[DATA FOR PROCESSING — start]
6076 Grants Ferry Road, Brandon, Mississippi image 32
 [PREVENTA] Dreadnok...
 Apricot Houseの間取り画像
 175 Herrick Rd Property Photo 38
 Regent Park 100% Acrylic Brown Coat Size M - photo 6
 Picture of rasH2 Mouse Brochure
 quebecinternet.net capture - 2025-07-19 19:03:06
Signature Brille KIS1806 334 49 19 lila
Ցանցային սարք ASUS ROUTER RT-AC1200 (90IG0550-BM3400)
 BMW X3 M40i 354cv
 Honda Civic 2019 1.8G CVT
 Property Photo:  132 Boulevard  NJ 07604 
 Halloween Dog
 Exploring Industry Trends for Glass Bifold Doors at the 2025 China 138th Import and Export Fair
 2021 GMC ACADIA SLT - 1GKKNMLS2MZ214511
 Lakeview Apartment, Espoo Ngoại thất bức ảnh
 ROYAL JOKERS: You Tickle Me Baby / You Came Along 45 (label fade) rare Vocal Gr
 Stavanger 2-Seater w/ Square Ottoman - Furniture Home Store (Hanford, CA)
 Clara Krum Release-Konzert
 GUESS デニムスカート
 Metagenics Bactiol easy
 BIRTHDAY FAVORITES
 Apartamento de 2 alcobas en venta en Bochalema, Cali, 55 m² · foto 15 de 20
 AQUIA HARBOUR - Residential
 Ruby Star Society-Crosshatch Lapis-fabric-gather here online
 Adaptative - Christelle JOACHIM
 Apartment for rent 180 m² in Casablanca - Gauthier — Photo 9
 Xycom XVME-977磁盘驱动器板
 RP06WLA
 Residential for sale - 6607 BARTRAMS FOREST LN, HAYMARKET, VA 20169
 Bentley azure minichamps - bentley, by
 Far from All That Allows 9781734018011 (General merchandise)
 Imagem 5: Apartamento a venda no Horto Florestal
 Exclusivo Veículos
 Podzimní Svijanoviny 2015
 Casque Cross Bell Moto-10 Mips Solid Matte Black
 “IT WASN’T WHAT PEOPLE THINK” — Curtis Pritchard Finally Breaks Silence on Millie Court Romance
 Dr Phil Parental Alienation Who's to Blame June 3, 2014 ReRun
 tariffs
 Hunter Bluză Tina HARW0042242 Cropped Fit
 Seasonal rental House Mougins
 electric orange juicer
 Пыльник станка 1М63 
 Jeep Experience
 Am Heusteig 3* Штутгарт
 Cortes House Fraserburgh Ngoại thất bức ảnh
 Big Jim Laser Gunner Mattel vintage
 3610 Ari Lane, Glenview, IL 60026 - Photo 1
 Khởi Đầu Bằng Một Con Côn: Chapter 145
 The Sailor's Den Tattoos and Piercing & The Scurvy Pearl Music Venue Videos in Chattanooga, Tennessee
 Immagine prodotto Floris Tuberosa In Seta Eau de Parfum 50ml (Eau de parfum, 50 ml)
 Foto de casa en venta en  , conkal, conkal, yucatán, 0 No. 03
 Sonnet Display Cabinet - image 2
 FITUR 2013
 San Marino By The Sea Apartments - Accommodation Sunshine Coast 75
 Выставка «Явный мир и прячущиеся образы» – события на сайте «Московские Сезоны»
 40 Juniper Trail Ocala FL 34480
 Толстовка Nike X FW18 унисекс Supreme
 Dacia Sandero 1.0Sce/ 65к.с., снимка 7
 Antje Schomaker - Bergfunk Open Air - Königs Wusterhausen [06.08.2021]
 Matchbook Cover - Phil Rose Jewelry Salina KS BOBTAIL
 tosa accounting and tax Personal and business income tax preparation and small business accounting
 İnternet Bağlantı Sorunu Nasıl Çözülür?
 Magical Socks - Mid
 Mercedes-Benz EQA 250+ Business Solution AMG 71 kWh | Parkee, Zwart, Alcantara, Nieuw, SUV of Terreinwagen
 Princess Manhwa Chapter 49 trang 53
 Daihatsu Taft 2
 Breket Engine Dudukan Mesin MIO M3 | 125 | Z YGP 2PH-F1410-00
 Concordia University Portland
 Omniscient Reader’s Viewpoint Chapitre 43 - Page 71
[DATA FOR PROCESSING — finish]
EXERCISE DETAILS
Tally, in the data above, the lines where the word "Residential" occurs, and give the figure alone.

TASK SOLUTION
2